A considerable amount of fanfare has greeted the arrival of the Equality Act 2010, with the Daily Mail in the vanguard, splashing its front page with a headline proclaiming the death of the office joke.
All humour is now effectively banned in the workplace, lest it offend one person or group, or in case they are able to take offence on behalf of a relative, friend or someone they know. All journalism aims to provoke an emotional reaction in its readers of course, something this article will signally fail to achieve, since the boring truth is that the Equality Act will make very little difference in practice to the existing law. This is a somewhat shocking disclosure in itself, since lawyers are generally keen to point up the perils and cost of each new piece of legislation, and many powerpoint slides have been consumed in the business of explaining and warning of the changes. Most of this effort has been directed towards teasing out any points of difference, most of which are minor and only of interest to the nerdy employment lawyer.
One such change is the abolition of pre-employment health questionnaires, on the grounds that they discriminate against disabled candidates, who tend not to be called for interview. In fact these questionnaires are still lawful, but in the event of a disability discrimination claim the burden of proof will now switch to the employer to show that the decision was not tainted by discrimination. In practice, this is little different from the present state of the law, and if a candidate with some long-standing health problem (and almost any long-standing health problem generally amounts to a disability for these purposes) applies for a job, discloses their condition and is not selected, the employer is at risk of a claim, and is likely to have the burden of proving their innocence.
The main political aim of the Act, the introduction of a public sector socio-economic duty – effectively to spend money in targeting those in most need – has not been introduced, and no doubt the coalition government could see little difference between spending money in areas of most need and spending money in Labour voting areas.
The other, much-trumpeted aspect has been extra protection for carers, although no such specific rule has been introduced. Instead, the Act simply codifies the existing law, established in the case of Attridge v Coleman, in which Mrs Coleman worked for a law firm (!) who made her working life more difficult after the birth of her disabled son, when she needed more flexibility. She won her claim of disability discrimination even though it was her son, not her, who was disabled. This principle will continue to apply, and may be relied on by those who care for an elderly relative, for example, and therefore need more flexibility at work, but the coalition have promised to extend the right to request flexible working in any event, and the bottom line is that where such requests are made for genuine, family or caring reasons – not just to have a bit of ‘me time’ on a Friday – and where this fits the needs of the business, such requests should be (and generally are) granted.
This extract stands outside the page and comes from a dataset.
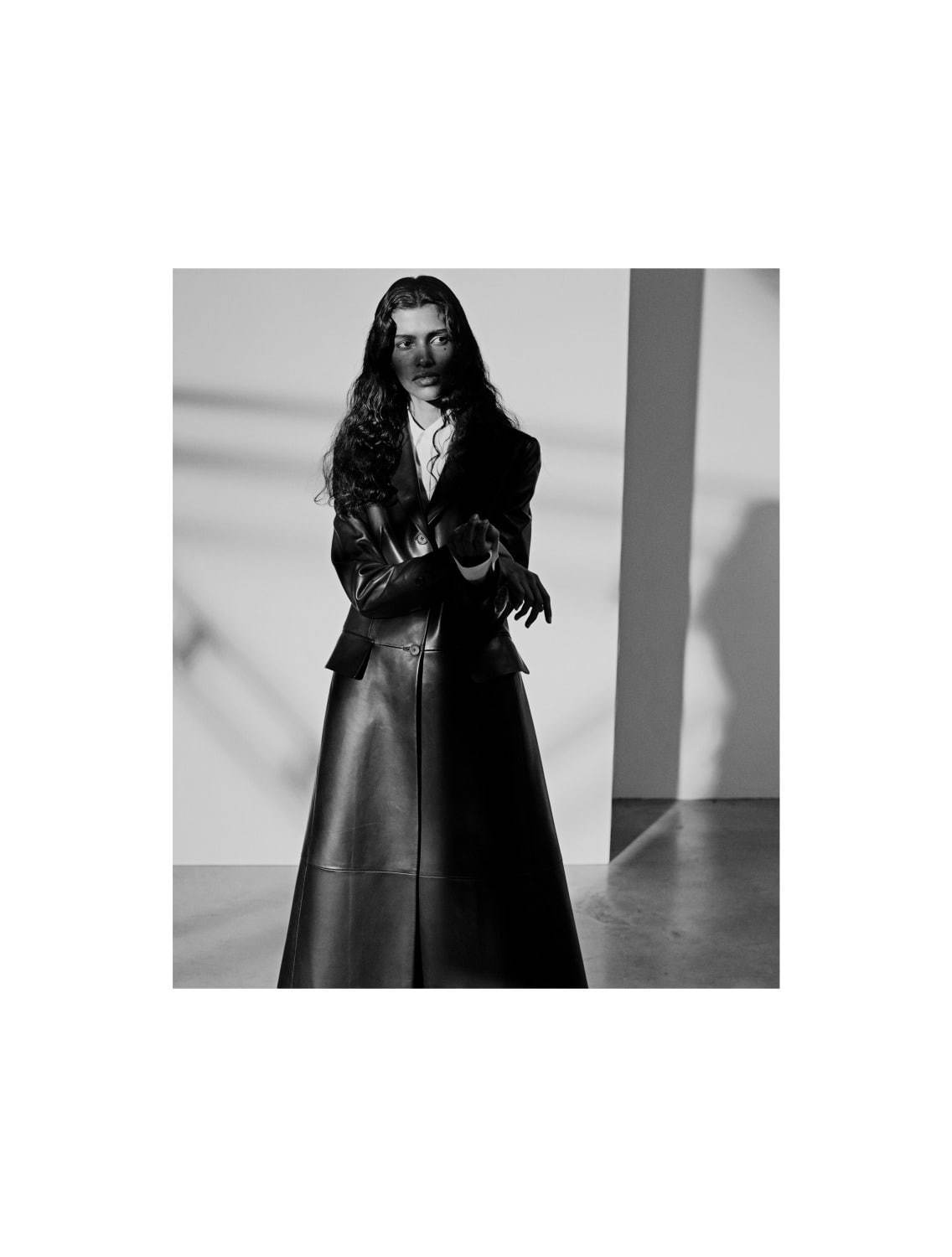 ザ・ロウ 2020年リゾート｜ テーラードジャケット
No change there then.
Another recent case whose reasoning has been incorporated into the Act is English v Sanderson Windows, in which the employee complained about the homophobic banter he received, just because he went to public school and lived in Brighton. Mr English was not gay, you see. Things came to a head when it was reported in the works magazine that he had been at a Gay Pride parade in Brighton wearing a pair of pink, lycra cycling shorts. Mr English resigned and claimed discrimination on grounds of sexual orientation, even though he was not gay, they knew he was not gay, he knew they knew etc. It is possible that the Employment Appeal Tribunal was having an off day. That decision was never appealed, but that was the law as at 2008, and the new Act makes very little difference.
Only very anoraky employment lawyers can come up with situations where the Act may change what would have happened anyway. This week, for example, a man lost his claim under the sex discrimination act, who was arguing that he was dismissed because his partner was pregnant, rather like Mrs Coleman and her claim of discrimination by association.
The Employment Appeal Tribunal looked at the wording of the Sex Discrimination Act, which talks about discrimination against ‘a woman’ on the ground of ‘the woman’s pregnancy’, and decided that this was a step too far. Will this now change? Will there be a rush of men claiming discrimination because they are having a hard time at work when they come in bleary eyed after the midnight bottle feeds? The Appeal Tribunal said that it was “not entirely clear” what the position would be under the new Act, and this could be a very good summary of the whole Act. It is not entirely clear what difference it will make.